A driver of a Route 3 PSV, which works from Bridgetown to Redmans Village was stabbed last week near the Western Life Nazarene Church, Oxnards, St James.
AOPT chairman, Roy Raphael, while speaking to Loop News on the dangers PSV operators face on more lonesome routes, indicated that he will be lobbying the Ministry of Transport to amend either the Road Traffic Act or Transport Authority regulations so that the “full weight of the law” can be applied culprits.
“I propose to write a letter to the Ministry of Transport, asking them that the next time they amend the Road Traffic Act or the Transport Authority Regulations, to make it an indictable offence that any person who has attacked or assaulted a public service vehicle operator shall feel the full breadth of the law. And also, I would want that to be put in all public service vehicles including taxis,” Raphael stated.
The attack on PSV driver comes six months after another driver — Victor Walton — was brutally murdered in St Lucy. Walton was discovered with two gunshot wounds to his head and died a week later after being on life support.
Raphael shared that due to the national mandate to wear masks, it was harder to identify potential perpetrators.
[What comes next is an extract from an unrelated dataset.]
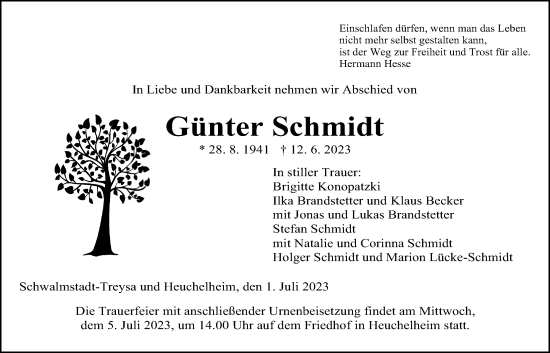 Traueranzeige von Günter Schmidt von Giessener Anzeiger, Giessener Allgemeine, Alsfelder Allgemeine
Last year, the AOPT would have appealed to the public to lower their masks for drivers and conductors upon entering the PSV but it was ignored by commuters.
He suggested that the next step will be installing cameras in the vehicles.
“I think we need to move now to a next stage where buses will need to have cameras on board all vehicles and to allow persons who are entering the buses to lower their masks,” the AOPT chairman contended.
Raphael stressed that PSV operators, who contribute a substantial amount to the transport sector, should not be working uncomfortably out of fear of being assaulted or intimidated while on the job by passengers.
“Members of the public need to understand that we have to beef up our security. We cannot continue in this way because it has created some problems and it may have created problems for those persons who want to work late after 6 pm,” he maintained.
The AOPT chairman advised drivers to work with a conductor when possible on “empty routes” and he urged drivers and conductors not to put their lives at risk for $3.50.
“We also want the drivers and conductors to try as hard as possible not to have one or two persons in their bus. We want to encourage them where possible to have a conductor on board. That will also minimise the threat.”
“You might get a person that comes on the bus and doesn’t want to pay — let them go! Your life is worth more than $3.50,” he continued.
Raphael also disclosed that the untimely death of Walton and the subsequent funeral expenses prompted the AOPT to create an insurance package for their operators.
To offset the cost for Walton’s family, in February this year, the AOPT organised a fundraiser.